The lawsuit that went to trial in New York was filed by a publicist who said the “Crash” and “Million Dollar Baby” screenwriter lured her to his Manhattan apartment and raped her after a 2013 movie premiere.
Haggis maintains the encounter was consensual. His lawyers have suggested that the Church of Scientology engineered false accusations of sexual misdeeds to discredit him. Haggis left the church in 2009 and later publicly denounced it.
The church has said it had no involvement in the allegations against Haggis.
No criminal charges were filed in connection with the publicist's accusation. Her lawsuit could mean a financial penalty, but not prison or probation for Haggis if she prevails. She is seeking unspecified damages.
After the suit was filed in late 2017, three other women told her attorneys and The Associated Press that Haggis had sexually assaulted them or attempted to do so. One said he had raped her. In response, his lawyer said Haggis "didn’t rape anybody.”

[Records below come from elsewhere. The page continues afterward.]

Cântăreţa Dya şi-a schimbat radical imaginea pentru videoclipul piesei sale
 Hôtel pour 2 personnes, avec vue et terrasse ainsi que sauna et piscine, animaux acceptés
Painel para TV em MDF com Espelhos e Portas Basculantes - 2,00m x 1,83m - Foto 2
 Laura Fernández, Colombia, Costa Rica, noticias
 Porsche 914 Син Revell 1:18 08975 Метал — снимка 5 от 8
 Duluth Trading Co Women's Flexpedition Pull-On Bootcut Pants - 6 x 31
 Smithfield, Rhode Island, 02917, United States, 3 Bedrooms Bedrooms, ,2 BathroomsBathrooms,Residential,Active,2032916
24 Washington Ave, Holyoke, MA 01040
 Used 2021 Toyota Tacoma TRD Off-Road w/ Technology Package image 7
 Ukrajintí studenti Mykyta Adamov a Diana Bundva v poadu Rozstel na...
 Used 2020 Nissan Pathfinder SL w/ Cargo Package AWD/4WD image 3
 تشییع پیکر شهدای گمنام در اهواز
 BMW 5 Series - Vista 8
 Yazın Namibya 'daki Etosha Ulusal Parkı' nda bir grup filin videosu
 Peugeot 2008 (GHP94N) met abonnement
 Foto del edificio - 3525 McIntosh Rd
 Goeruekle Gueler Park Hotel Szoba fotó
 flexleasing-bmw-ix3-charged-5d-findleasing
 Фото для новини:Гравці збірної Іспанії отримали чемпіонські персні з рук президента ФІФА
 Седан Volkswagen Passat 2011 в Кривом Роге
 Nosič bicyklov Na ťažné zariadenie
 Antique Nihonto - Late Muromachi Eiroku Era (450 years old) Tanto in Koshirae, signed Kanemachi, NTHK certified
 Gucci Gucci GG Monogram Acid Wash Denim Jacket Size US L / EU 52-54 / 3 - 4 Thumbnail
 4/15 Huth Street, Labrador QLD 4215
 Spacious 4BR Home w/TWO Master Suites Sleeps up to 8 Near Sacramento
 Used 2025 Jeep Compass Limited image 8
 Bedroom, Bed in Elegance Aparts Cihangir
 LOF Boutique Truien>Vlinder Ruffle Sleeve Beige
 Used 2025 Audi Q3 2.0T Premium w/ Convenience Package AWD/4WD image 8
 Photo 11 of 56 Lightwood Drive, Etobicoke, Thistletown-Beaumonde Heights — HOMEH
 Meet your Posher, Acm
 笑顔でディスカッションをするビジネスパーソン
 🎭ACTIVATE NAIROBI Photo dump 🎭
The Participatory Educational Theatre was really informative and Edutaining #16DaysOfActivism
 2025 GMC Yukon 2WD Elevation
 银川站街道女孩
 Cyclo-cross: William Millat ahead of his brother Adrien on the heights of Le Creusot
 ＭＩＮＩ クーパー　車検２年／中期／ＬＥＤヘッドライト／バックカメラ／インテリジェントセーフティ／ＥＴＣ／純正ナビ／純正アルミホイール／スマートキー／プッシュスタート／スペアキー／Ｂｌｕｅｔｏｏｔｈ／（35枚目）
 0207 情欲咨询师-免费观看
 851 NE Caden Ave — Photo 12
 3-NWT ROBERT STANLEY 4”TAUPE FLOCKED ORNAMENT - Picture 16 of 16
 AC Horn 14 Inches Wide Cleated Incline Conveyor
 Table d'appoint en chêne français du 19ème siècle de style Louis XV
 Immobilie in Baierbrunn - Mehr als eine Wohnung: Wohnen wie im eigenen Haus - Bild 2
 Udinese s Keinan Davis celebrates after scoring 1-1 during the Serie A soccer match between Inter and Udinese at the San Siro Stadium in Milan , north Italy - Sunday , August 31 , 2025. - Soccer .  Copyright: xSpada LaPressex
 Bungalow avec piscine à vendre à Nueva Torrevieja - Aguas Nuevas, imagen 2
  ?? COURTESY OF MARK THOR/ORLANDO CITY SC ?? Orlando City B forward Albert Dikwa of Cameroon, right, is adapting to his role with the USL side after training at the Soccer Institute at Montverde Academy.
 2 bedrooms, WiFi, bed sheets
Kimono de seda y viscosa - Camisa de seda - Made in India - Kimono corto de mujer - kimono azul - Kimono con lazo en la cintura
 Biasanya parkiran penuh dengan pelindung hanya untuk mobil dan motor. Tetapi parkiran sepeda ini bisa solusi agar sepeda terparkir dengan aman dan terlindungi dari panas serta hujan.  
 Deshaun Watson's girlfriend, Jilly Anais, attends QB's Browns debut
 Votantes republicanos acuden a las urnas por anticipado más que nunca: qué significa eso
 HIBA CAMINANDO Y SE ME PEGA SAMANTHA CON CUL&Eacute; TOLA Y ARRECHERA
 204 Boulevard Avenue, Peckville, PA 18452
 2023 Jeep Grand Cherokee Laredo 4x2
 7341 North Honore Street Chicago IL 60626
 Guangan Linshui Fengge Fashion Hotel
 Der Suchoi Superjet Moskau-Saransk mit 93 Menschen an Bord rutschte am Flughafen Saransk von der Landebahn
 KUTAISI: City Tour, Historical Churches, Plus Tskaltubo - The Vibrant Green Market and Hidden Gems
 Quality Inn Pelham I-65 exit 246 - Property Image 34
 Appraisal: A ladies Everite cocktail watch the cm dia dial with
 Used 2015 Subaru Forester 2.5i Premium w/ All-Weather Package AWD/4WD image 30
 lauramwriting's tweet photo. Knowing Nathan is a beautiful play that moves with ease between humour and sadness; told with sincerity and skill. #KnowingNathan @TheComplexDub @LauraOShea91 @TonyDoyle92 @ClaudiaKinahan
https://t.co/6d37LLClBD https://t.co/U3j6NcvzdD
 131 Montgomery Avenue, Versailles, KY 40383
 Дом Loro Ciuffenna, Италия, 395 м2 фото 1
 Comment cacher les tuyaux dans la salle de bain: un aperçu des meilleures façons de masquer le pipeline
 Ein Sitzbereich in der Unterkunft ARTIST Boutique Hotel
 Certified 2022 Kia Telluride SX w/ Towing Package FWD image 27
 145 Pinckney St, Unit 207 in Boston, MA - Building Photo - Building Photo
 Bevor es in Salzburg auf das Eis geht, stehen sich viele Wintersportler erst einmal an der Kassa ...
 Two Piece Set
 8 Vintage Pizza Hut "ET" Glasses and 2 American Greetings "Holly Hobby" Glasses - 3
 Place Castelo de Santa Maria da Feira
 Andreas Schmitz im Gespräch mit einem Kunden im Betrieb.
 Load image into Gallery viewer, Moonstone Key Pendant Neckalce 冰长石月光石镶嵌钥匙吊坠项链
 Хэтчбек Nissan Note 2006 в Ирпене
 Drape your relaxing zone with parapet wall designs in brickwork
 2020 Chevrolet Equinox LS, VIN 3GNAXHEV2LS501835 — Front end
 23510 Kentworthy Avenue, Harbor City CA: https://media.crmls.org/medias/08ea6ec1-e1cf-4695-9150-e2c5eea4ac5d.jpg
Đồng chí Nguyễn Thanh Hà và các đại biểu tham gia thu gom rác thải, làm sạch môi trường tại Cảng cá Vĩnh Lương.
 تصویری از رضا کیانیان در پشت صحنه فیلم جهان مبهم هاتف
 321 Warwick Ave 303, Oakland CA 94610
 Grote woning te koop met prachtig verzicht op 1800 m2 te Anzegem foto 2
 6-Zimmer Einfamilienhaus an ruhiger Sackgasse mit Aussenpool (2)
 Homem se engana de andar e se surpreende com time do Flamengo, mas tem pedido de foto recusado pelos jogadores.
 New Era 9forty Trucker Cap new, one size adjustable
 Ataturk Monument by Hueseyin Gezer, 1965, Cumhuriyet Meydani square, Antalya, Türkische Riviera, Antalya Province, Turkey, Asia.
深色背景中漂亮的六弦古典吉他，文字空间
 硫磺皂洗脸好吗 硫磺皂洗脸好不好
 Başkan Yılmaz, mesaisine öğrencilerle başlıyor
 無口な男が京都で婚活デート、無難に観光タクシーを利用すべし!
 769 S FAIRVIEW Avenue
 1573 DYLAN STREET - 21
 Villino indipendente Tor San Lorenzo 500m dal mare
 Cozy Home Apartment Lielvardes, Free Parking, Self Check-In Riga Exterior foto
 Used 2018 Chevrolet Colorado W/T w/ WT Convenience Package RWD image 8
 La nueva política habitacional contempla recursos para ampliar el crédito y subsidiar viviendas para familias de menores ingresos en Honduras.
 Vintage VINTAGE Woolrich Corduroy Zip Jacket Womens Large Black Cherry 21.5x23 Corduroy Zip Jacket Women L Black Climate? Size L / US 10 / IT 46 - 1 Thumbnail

The lawsuit was filed only by the publicist who made the 2013 rape allegation, but Judge Sabrina Kraus ruled last month that the other three women can also testify as part of the plaintiff's effort to demonstrate Haggis' “intent and lack of consent.”
Jurors won't be allowed to hear that Haggis was detained for about two weeks at an Italian hotel in June while authorities investigated allegations that he sexually assaulted a woman there. Haggis was in Italy for an arts festival.
Haggis' Italian attorney said the filmmaker was innocent and in early July, a judge released him while prosecutors considered whether to pursue their inquiry. The judge concluded that Haggis hadn't engaged in “constrictive violent behavior,” according to the newspaper Corriere della Sera.
The Canadian-born Haggis wrote “Million Dollar Baby” and “Crash,” which won back-to-back Academy Awards for best picture in the mid-2000s. He also directed and was a producer of “Crash,” which garnered him and Bobby Moresco the best original screenplay Oscar in 2006. The next year, Haggis was nominated in the same category for “Letters from Iwo Jima.”